Scraped caption text data:
■ ■ ■

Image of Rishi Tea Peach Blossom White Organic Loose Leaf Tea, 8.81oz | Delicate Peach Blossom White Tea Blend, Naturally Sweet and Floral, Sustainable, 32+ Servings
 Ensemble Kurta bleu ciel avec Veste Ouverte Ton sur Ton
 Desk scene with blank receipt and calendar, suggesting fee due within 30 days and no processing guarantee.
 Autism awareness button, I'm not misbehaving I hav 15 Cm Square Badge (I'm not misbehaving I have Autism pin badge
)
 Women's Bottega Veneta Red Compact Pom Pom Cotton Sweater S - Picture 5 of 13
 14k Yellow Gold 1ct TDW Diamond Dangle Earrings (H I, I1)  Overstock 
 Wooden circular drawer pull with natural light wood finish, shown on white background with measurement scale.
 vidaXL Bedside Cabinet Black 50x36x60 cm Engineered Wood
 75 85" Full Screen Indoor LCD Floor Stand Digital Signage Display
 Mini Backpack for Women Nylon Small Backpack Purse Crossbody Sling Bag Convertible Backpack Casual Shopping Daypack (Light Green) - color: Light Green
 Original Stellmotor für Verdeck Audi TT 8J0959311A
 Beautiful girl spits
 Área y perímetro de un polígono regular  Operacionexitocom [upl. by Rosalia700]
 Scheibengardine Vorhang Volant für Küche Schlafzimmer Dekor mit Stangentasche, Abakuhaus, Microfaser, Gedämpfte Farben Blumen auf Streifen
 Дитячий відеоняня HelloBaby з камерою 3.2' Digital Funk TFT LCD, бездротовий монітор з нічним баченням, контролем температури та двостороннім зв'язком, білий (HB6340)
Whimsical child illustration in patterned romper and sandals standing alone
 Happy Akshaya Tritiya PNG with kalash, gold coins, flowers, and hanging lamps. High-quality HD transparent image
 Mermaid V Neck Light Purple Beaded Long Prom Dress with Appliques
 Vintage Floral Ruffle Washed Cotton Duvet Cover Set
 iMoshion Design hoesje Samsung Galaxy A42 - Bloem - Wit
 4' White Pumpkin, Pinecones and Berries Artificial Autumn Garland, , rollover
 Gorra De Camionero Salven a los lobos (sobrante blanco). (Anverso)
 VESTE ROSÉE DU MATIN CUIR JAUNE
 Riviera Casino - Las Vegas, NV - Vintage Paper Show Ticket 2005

■ ■ ■

REQUIRED ACTION:
Show every line from the entries above in which "Cotton" appears.

WRITTEN RESPONSE:
 Women's Bottega Veneta Red Compact Pom Pom Cotton Sweater S - Picture 5 of 13
 Vintage Floral Ruffle Washed Cotton Duvet Cover Set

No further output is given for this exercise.